▶ _Data supplied_:
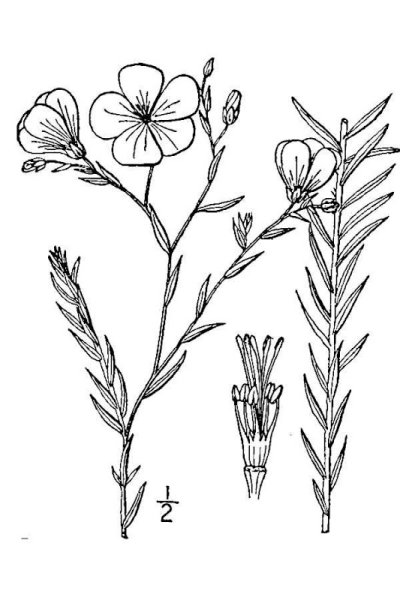 Лен посевной Фармакогнозия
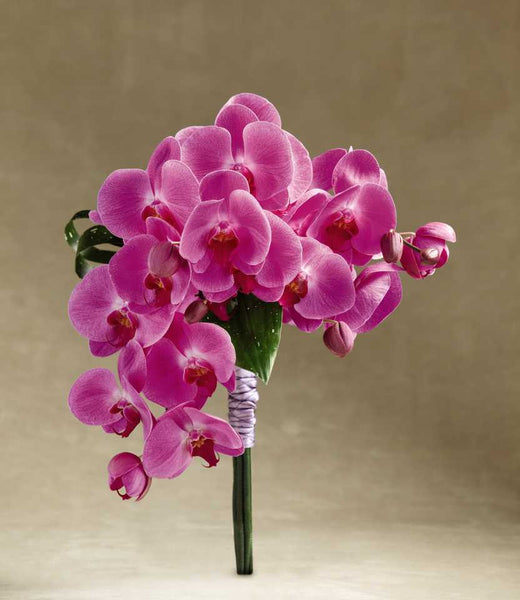 Glorious Bouquet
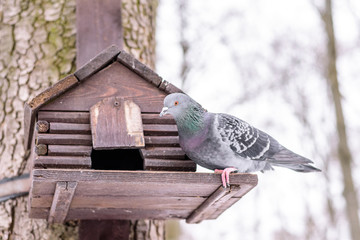 bird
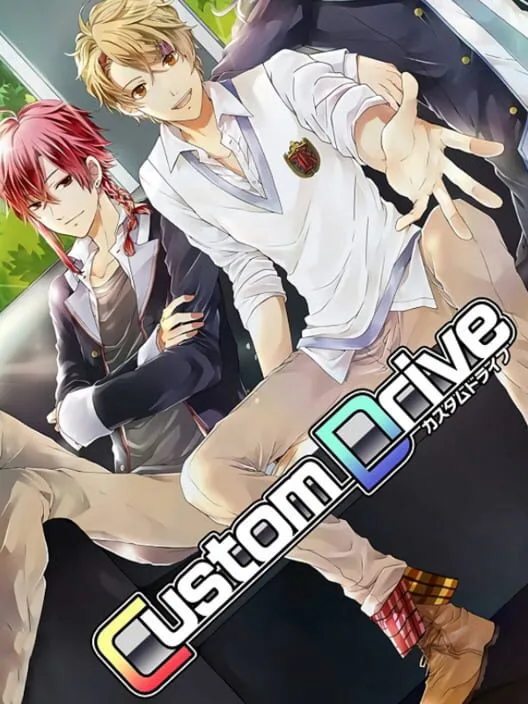 Copertina di Custom Drive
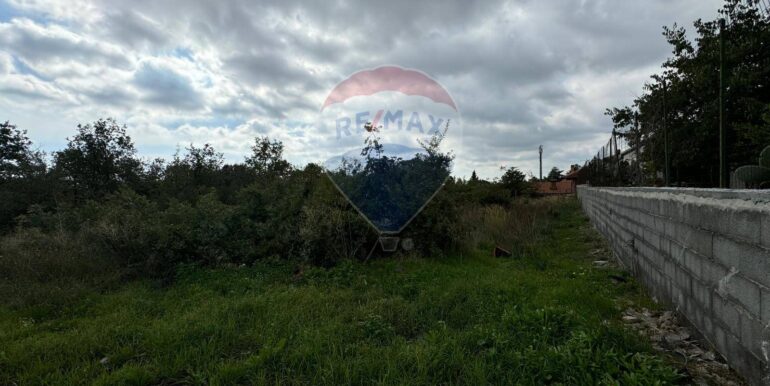 20250530104414-952524-2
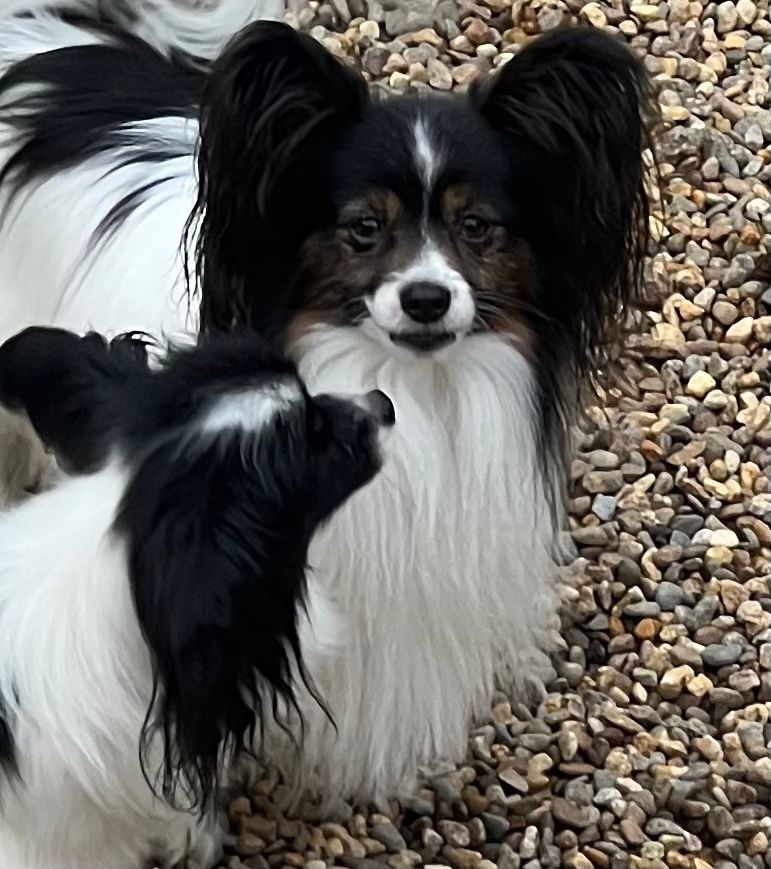 Two Papillon dogs, one looking at the other. Black and white fur, set on gravel.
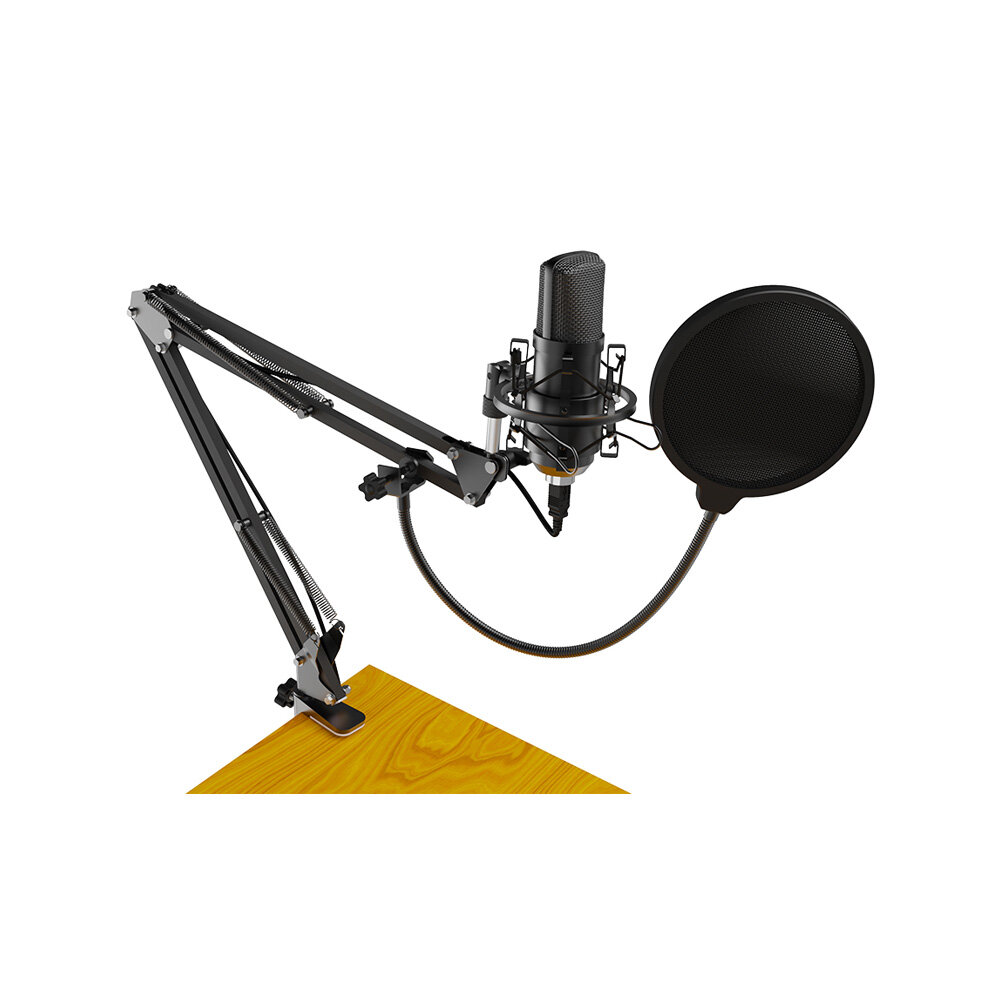 Микрофон проводной Ritmix RDM-169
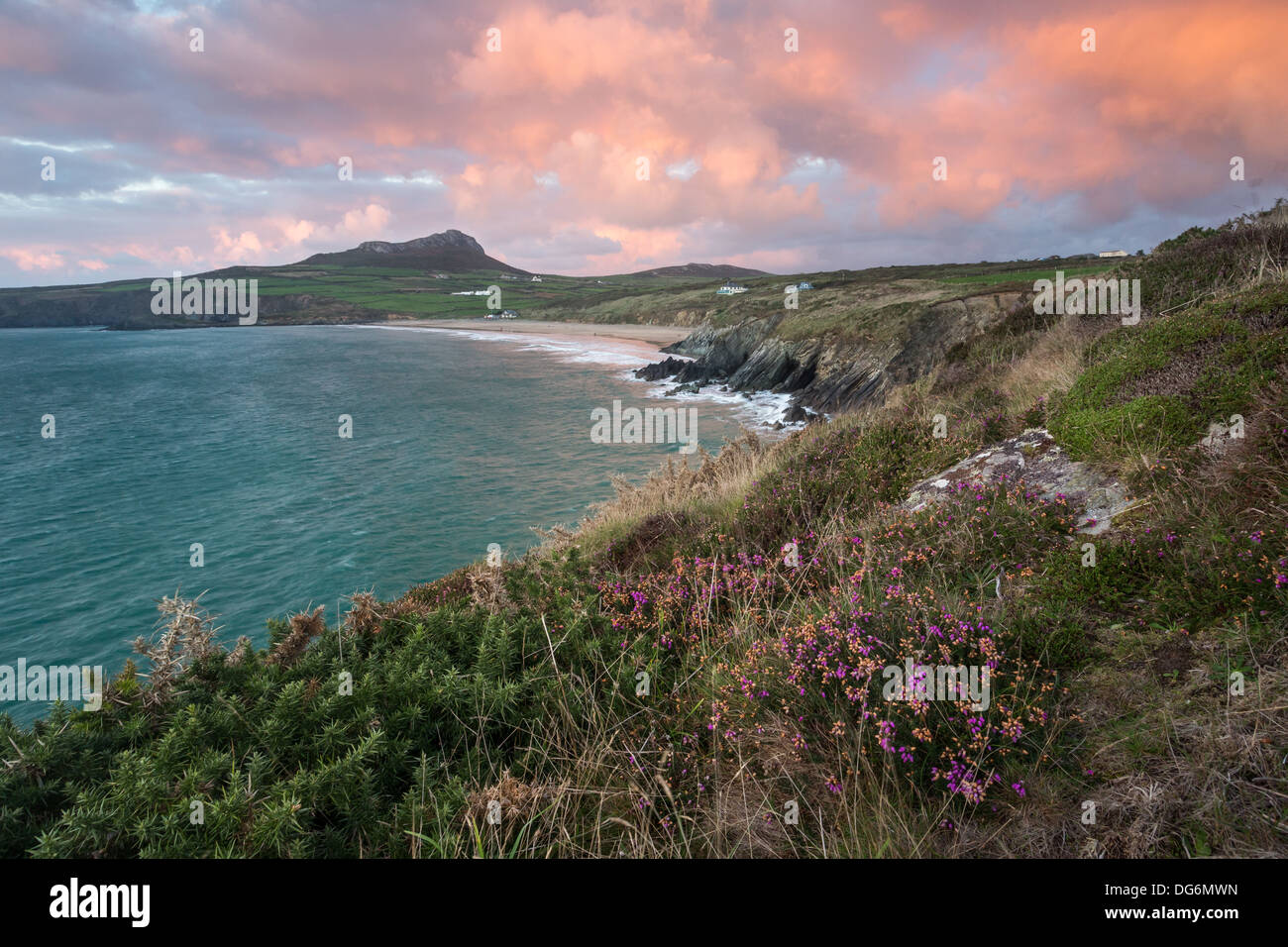 Whitesands Bay near St.Davids in Pembrokeshire on a wet and windy autumnal afternoon, heather in full bloom along the cliffs Stock Photo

▶ _Work to be completed_: Print the lines from the one that contains "Two Papillon dogs, one" through the last line of the data, exactly and in full, and no other lines. Pictures are not part of the copy.

▶ _Output_:
 Two Papillon dogs, one looking at the other. Black and white fur, set on gravel.
 Микрофон проводной Ritmix RDM-169
 Whitesands Bay near St.Davids in Pembrokeshire on a wet and windy autumnal afternoon, heather in full bloom along the cliffs Stock Photo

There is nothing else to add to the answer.